原発の是非を国民投票にかけるべきでは?とは、安倍総理に予算委員会でも質問しましたが、「国民から選ばれた我々が責任を持って決定すべき」との答弁でした。しかし、電力会社から多額の献金を受けている自民党議員の声を国民の声とするのは無理があります。

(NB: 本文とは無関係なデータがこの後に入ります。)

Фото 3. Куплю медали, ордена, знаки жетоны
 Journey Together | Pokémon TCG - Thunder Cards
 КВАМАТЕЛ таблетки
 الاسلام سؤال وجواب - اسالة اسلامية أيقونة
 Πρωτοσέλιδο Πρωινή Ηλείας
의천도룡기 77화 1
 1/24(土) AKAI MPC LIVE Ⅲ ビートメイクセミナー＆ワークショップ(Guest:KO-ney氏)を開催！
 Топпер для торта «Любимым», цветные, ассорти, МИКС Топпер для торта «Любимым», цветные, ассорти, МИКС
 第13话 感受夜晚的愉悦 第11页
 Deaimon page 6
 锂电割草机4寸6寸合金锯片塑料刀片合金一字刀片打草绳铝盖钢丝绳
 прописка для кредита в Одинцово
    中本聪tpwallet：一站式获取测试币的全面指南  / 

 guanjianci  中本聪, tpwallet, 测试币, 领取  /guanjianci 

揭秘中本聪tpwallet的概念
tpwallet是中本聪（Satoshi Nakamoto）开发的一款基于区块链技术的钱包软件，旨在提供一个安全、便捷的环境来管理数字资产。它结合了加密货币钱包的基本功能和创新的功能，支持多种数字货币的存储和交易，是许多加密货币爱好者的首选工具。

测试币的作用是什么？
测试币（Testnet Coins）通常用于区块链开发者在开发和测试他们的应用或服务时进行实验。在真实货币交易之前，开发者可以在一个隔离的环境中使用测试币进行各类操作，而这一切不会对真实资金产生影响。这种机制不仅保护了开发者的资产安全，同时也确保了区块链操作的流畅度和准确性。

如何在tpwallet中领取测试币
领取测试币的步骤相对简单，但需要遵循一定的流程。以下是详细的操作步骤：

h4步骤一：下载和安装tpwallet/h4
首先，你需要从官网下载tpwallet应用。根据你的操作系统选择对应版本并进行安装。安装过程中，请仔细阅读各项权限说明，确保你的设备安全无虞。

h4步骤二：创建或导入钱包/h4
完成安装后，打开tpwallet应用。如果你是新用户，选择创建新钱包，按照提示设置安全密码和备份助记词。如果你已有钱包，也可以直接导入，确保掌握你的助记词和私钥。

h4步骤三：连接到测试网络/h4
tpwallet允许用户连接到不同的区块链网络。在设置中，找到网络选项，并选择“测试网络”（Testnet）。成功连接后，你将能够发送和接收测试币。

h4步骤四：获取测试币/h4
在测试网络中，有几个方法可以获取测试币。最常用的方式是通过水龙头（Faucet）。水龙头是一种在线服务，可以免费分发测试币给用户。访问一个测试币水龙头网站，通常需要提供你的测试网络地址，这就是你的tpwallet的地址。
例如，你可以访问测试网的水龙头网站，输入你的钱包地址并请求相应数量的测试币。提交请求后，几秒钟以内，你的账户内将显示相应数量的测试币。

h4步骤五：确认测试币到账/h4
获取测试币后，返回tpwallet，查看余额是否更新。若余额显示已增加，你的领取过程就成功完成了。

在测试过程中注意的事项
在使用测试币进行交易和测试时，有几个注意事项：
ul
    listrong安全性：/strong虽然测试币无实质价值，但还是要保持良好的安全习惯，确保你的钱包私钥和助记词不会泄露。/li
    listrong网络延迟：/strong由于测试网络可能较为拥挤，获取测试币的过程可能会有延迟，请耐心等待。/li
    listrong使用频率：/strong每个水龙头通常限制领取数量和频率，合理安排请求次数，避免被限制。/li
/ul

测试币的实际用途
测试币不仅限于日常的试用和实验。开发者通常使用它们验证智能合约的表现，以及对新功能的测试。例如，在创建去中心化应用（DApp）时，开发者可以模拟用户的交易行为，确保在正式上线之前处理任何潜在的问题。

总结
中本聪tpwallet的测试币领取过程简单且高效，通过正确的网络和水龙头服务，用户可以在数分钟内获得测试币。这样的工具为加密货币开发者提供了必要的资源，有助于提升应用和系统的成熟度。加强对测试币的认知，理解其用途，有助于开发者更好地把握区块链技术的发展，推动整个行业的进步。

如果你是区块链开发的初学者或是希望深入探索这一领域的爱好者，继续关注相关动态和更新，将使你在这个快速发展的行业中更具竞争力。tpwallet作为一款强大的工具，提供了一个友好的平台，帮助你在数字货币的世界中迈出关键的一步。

私はひとりひとりが考えて政策決定に参加する制度を導入することが、民主主義を鍛えると考えています。スイスやイタリアのように、国政上の課題を「国民投票」という形で一般国民の意見を聞くシステムを補完的に採用する国が数多く存在します。また、日本でも、NHKや朝日新聞などの世論調査では、国民の約8割が原発など国の未来に大きく関わる問題について「国民投票」の実施に賛成していると言われています。憲法96条に定められているように憲法改正の際の国民投票とは違い、諮問型の国民投票という形式であれば議員立法で実現が可能です。国民の声を反映させる制度の改革を推進します。